##### Information provided
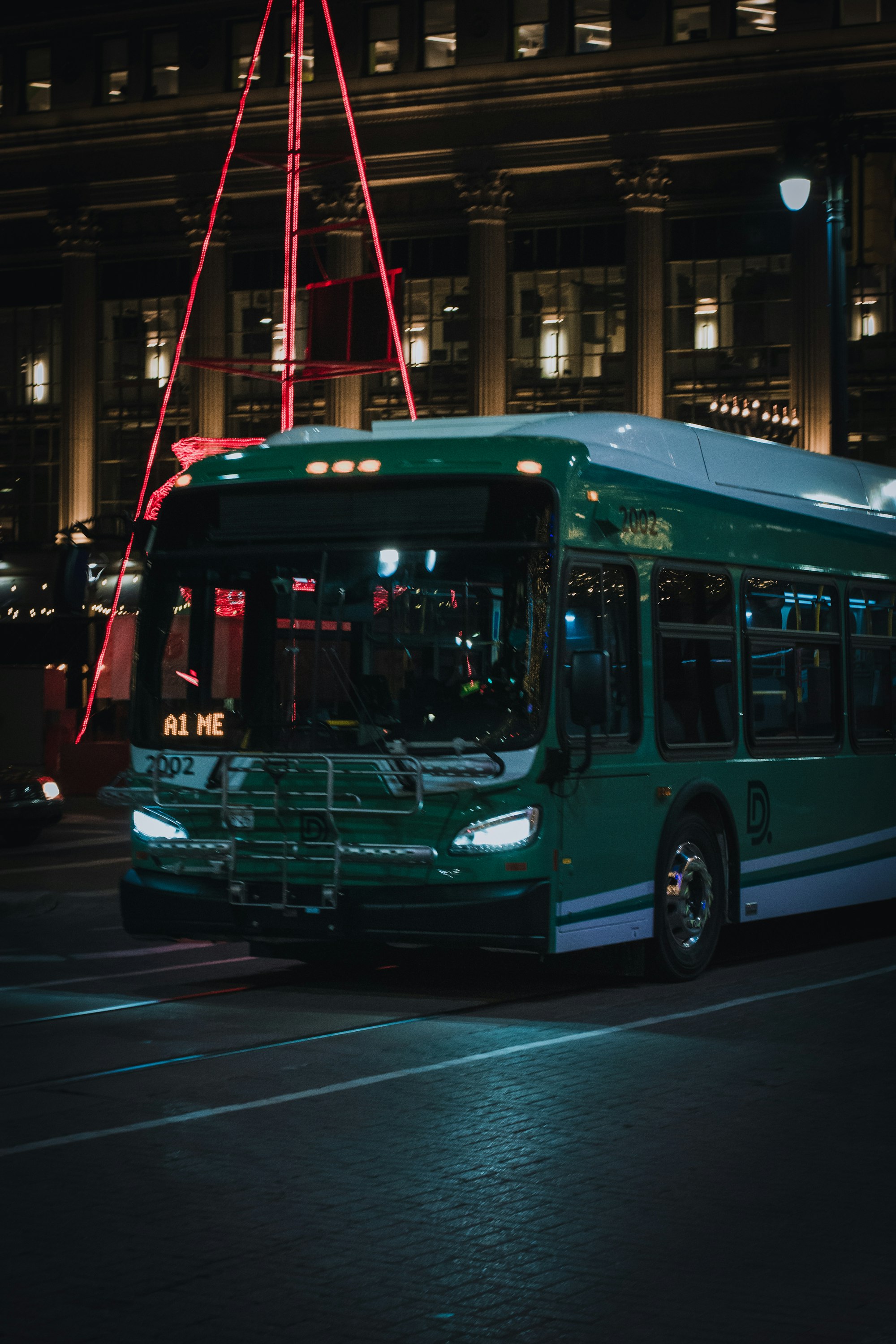 red and white bus on road during night time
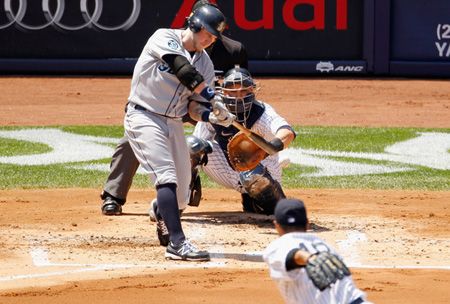 Mike Carp #20 of the Seattle Mariners hits an RBI single in the second-inning against the New York Yankees at Yankee Stadium on August 4, 2012 in the Bronx borough of New York City.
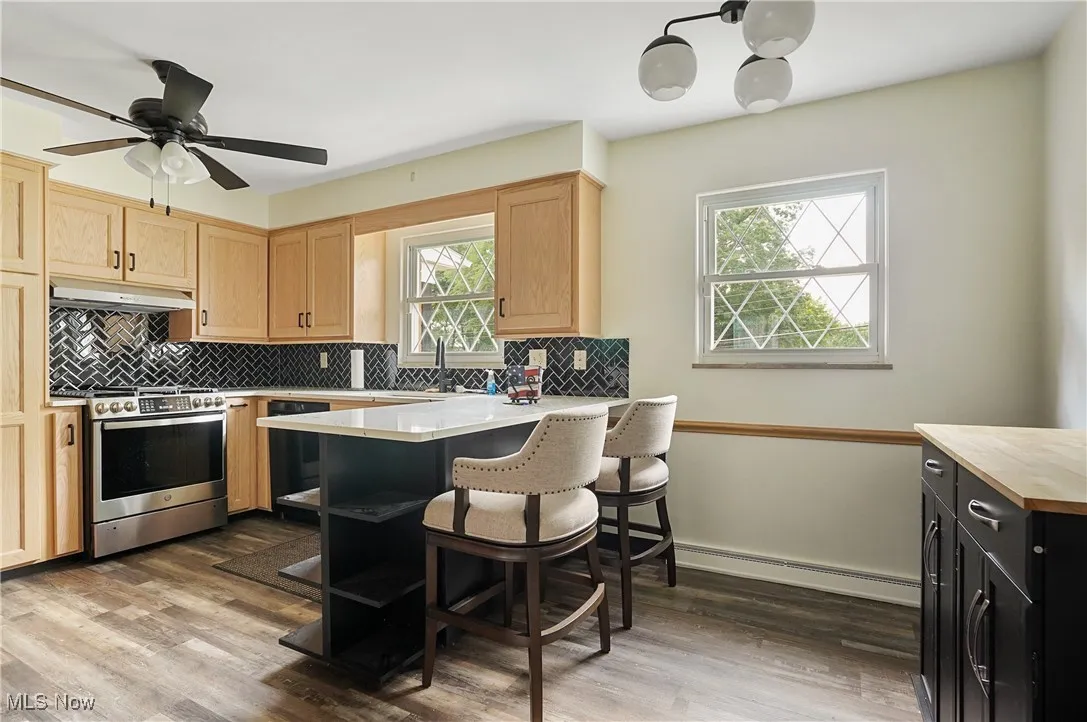 Kitchen with light countertops, light brown cabinets, gas stove, tasteful backsplash, and wood finished floors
##########
An exact copy of the material above is required, minus its images.

 red and white bus on road during night time
 Mike Carp #20 of the Seattle Mariners hits an RBI single in the second-inning against the New York Yankees at Yankee Stadium on August 4, 2012 in the Bronx borough of New York City.
 Kitchen with light countertops, light brown cabinets, gas stove, tasteful backsplash, and wood finished floors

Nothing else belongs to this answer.